Records from a data source:
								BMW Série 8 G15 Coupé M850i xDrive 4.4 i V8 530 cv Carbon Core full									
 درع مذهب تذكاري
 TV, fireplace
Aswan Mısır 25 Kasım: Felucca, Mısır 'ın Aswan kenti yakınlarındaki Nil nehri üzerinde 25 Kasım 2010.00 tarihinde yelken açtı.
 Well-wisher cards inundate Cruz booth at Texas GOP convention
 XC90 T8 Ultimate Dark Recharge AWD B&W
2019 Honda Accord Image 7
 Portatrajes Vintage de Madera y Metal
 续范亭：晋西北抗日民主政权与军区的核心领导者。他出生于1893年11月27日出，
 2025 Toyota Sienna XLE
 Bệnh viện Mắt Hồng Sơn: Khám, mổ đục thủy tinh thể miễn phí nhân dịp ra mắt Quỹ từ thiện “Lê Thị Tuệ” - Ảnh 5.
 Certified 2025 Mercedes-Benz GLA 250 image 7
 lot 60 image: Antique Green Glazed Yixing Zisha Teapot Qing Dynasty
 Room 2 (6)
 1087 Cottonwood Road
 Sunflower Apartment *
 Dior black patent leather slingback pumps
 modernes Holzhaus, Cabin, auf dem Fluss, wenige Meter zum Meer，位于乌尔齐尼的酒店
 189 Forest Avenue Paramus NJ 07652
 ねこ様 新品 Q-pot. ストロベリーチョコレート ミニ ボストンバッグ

*Exercise prompt*: Output the data once more, exactly as it appears above.

*Answer*:
								BMW Série 8 G15 Coupé M850i xDrive 4.4 i V8 530 cv Carbon Core full									
 درع مذهب تذكاري
 TV, fireplace
Aswan Mısır 25 Kasım: Felucca, Mısır 'ın Aswan kenti yakınlarındaki Nil nehri üzerinde 25 Kasım 2010.00 tarihinde yelken açtı.
 Well-wisher cards inundate Cruz booth at Texas GOP convention
 XC90 T8 Ultimate Dark Recharge AWD B&W
2019 Honda Accord Image 7
 Portatrajes Vintage de Madera y Metal
 续范亭：晋西北抗日民主政权与军区的核心领导者。他出生于1893年11月27日出，
 2025 Toyota Sienna XLE
 Bệnh viện Mắt Hồng Sơn: Khám, mổ đục thủy tinh thể miễn phí nhân dịp ra mắt Quỹ từ thiện “Lê Thị Tuệ” - Ảnh 5.
 Certified 2025 Mercedes-Benz GLA 250 image 7
 lot 60 image: Antique Green Glazed Yixing Zisha Teapot Qing Dynasty
 Room 2 (6)
 1087 Cottonwood Road
 Sunflower Apartment *
 Dior black patent leather slingback pumps
 modernes Holzhaus, Cabin, auf dem Fluss, wenige Meter zum Meer，位于乌尔齐尼的酒店
 189 Forest Avenue Paramus NJ 07652
 ねこ様 新品 Q-pot. ストロベリーチョコレート ミニ ボストンバッグ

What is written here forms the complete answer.